How does that make it a cult? Remember... the Christians added books to the Jewish "Old Testament." By your logic, that means all Christians are cultists.
> JW's change the words in some of the Gospels.
Again irrelevant.
Not *this* nation, sister. The First Amendment is *explicitly* non-Christian.
Now, who is delusional?
> I'm right behind you!
Fortunately, no. I'm able to hold a reasonable conversation. Your reason appears to stop at percieved attacks.
> who is delusional?
Someone who thinks that anyone disgreeing with him is "attacking" him, for starters.
Now, I would definitely your statement is subjective.
And who would that be?
"There is nothing in His statements saying "taxes are good!"
Nor is there anything in His statements saying "taxes are bad!"
I would not label HIM a "liberal", since he would lead by example and not use the government to enforce his words (and not actions).
Liberals love to try to make the world better using the government to do their dirty work or try using guilt for being white/rich/etc to ram their fantasy world down everyone else's throat.
Certainly the story of the good Samaritan offers a comment on the fact that the Samaritan was a despised minority and the importance of recognizing the humanity of the individual beyond such considerations.
But there is much there saying he saw the question itself as a trap.
All true.
Just thinking of when he got that whip.
You don't know your Bible.
In Revelations, it clearly states that nothing can be added nor taken away to the Bible.
Revelations is the last book of the Bible (written and added after Christians added the other books).
My logic is faultless.
>> JW's change the words in some of the Gospels.
>Again irrelevant.
Not if the changed words change basic meanings.
Quote: "And there are those who simply believe that, by definition, God is unknowable to our limited, fallible human minds and souls. If God is ultimately unknowable, then how can we be so certain of what God's real position is on, say, the fate of Terri Schiavo? Or the morality of contraception? Or the role of women? Or the love of a gay couple?"

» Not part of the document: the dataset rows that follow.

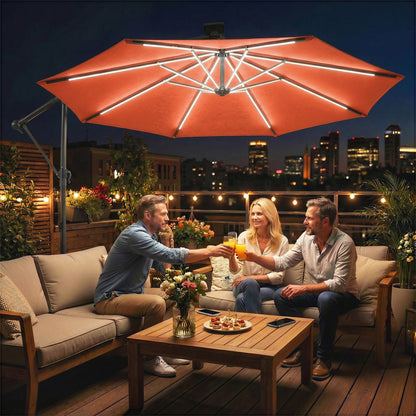 3 m Garden Cantilever Parasol with LED Solar Light, Round Overhanging Umbrella with 360° Rotation, Cover, Orange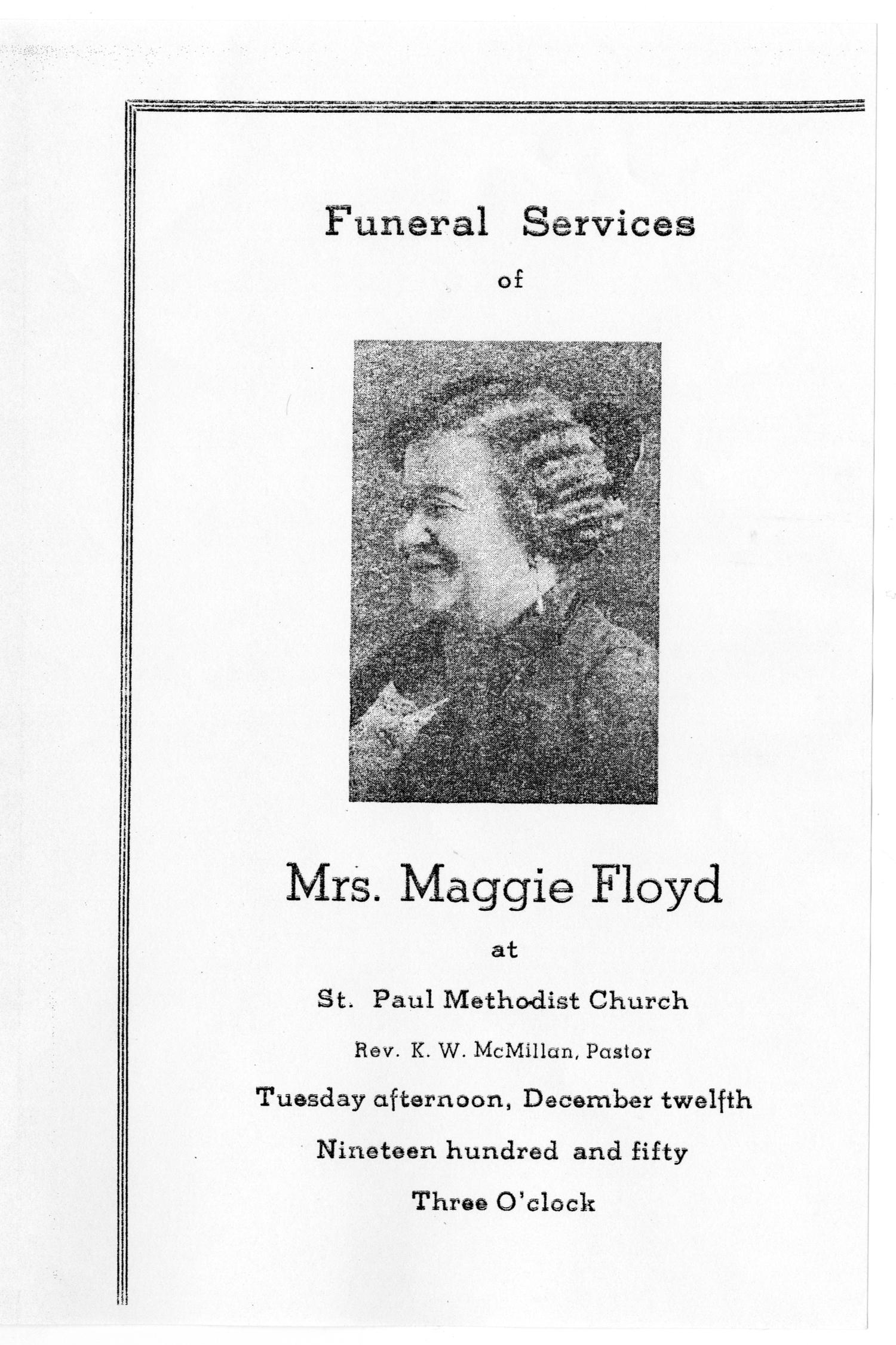 [Funeral Program for Maggie Floyd, December 12, 1950]
                                                
                                                    [Sequence #]: 1 of 3
                                                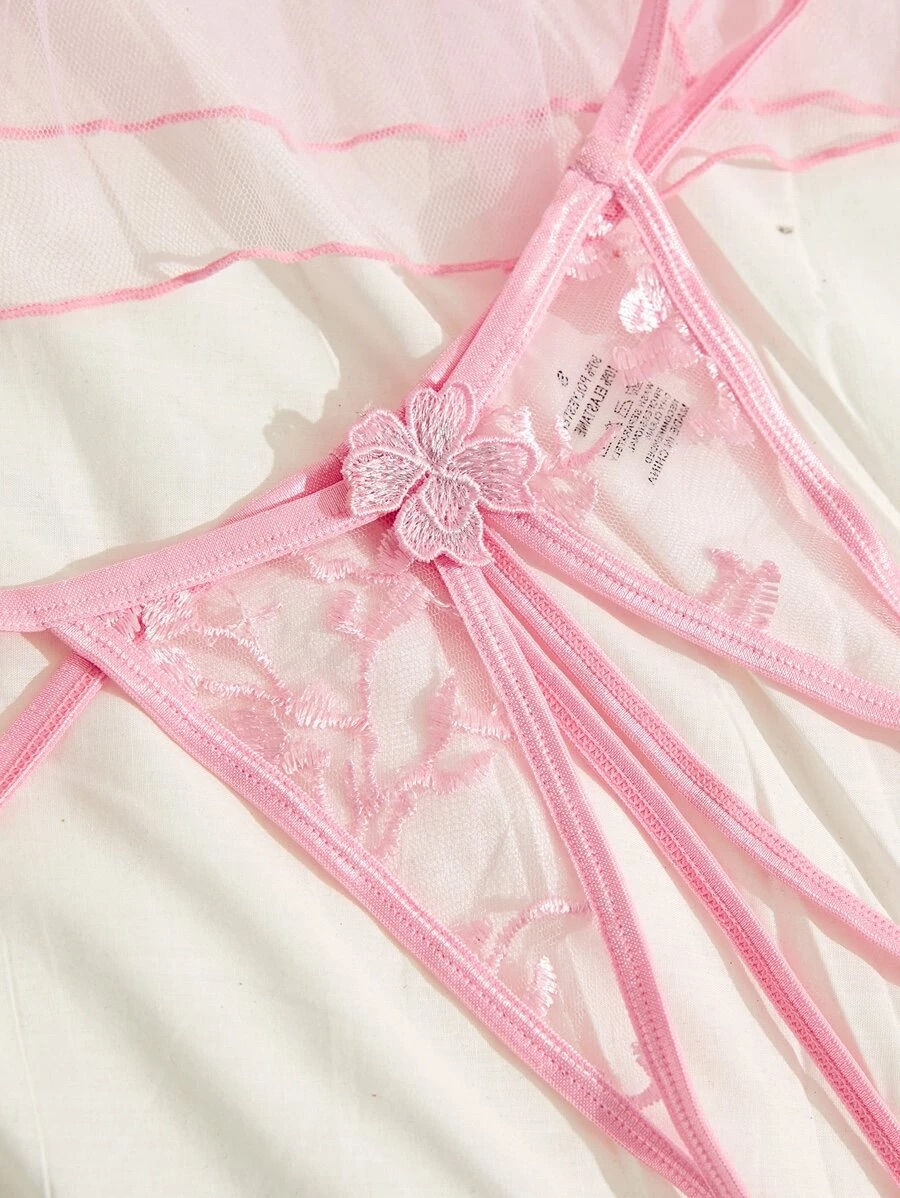 Thumbnail: Cut Out Mesh Appliques Crotchless Underwire Slips With Thong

I have heard more than a few so-called intellectuals use this quasi-Deist argument, expecting listeners to nod sagely in understanding at the simple *rationality* of the viewpoint. What's shocking is that far too many do, without thinking of the implications.
If God is ultimately unknowable and/or the human heart is too fractured or limited to know Him, then one is left with the logical conclusion that there is no God (at least, one who matters). At the very least, Sullivan's view implies that one's time would be better spent in pursuing one's own carnal happiness vice thinking of things spiritual. Boiled down: the superiority of humanism, moral relativism, and "anything goes".

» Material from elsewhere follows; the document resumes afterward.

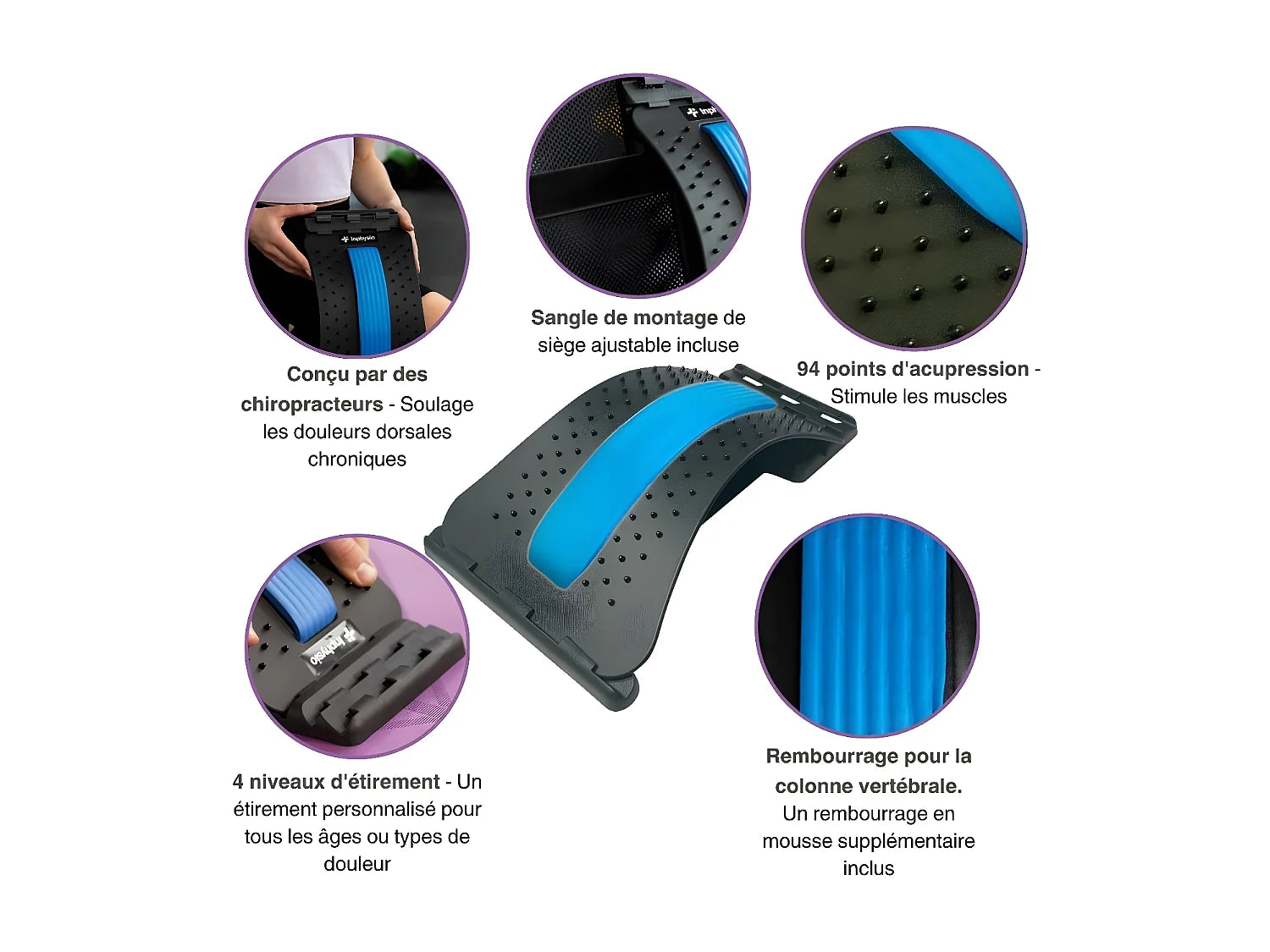 Appareil d'Étirement Lombaire INPHYSIO 94 points d’acupression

It is pathetically amusing to see Sullivan--who does seem to be spiritually seeking something--dance through the hoops he must to justify his lifestyle (and/or avoid confronting the apparent convictions of his conscience).
Really?
1. That contradicts what the framers said in their own words.
2. If it is atheistic, tell me why the atheists are working so hard to infringe on the free exercise of Christians. This has been shown in numerous examples around the world. When the atheists implement a system, the first thing they do is stamp out the Christians. They are responsible for the greatest loss of human life in the history of the planet.
3. If it is any other non-Christian philosophy, show me one of the major religious movements in the world that tolerates individual free will as Christianity does.
You are wrong. Freedom of Conscience is a decidedly Judeo-Christian principle and was written into our very first amendment. Any other belief system seeks to dominate.
(joke) - Mrs D has done all she can to help Andrew extract his cranium from the dark place where he seems to keep it.